Task goal. Search the data for lines holding the word "with". State how many there are, and nothing else.
════════
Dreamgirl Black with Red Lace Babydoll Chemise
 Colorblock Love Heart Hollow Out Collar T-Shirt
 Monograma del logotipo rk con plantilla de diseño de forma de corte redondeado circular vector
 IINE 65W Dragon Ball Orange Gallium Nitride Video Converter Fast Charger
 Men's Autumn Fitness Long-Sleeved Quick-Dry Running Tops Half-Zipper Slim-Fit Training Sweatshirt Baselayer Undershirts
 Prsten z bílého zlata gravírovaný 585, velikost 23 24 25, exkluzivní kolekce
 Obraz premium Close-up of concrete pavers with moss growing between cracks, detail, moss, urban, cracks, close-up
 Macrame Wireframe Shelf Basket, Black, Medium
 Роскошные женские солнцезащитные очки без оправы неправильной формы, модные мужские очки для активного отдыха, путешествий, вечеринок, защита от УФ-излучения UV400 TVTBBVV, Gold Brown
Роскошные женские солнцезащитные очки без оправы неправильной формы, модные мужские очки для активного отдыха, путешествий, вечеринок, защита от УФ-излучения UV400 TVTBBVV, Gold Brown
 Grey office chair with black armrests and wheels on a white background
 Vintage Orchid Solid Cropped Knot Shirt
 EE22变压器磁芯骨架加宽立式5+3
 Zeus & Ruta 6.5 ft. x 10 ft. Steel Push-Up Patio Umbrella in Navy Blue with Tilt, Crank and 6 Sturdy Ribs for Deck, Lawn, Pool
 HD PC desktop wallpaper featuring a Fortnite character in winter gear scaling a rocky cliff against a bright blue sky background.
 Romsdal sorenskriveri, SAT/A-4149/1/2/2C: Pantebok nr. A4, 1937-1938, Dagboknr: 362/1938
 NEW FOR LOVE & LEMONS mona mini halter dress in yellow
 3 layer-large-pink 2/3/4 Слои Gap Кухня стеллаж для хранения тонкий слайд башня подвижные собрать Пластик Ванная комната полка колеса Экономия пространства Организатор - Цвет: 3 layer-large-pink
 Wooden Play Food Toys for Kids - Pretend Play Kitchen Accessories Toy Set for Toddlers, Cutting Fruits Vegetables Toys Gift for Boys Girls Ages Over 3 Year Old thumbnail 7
════════
Your solution. 4